**How to complete this task**
Up to and including the line containing "VII.4.31/51 Pompeii.", retype each line of the listing below exactly, beginning with the first.

**Data for processing**
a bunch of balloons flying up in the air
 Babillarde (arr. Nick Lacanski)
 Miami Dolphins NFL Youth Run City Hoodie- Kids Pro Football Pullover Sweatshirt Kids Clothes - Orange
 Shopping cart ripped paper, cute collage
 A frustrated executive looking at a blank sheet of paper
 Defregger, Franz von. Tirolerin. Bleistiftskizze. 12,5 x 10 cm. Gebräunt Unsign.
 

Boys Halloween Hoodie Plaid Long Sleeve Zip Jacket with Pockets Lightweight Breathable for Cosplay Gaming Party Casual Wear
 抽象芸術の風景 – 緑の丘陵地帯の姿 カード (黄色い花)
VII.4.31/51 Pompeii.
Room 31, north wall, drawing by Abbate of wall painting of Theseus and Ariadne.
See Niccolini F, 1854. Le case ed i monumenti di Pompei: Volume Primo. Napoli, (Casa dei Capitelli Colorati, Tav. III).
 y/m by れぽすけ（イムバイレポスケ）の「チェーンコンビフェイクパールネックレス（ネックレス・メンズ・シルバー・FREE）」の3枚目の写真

**Finished exercise**
a bunch of balloons flying up in the air
 Babillarde (arr. Nick Lacanski)
 Miami Dolphins NFL Youth Run City Hoodie- Kids Pro Football Pullover Sweatshirt Kids Clothes - Orange
 Shopping cart ripped paper, cute collage
 A frustrated executive looking at a blank sheet of paper
 Defregger, Franz von. Tirolerin. Bleistiftskizze. 12,5 x 10 cm. Gebräunt Unsign.
 

Boys Halloween Hoodie Plaid Long Sleeve Zip Jacket with Pockets Lightweight Breathable for Cosplay Gaming Party Casual Wear
 抽象芸術の風景 – 緑の丘陵地帯の姿 カード (黄色い花)
VII.4.31/51 Pompeii.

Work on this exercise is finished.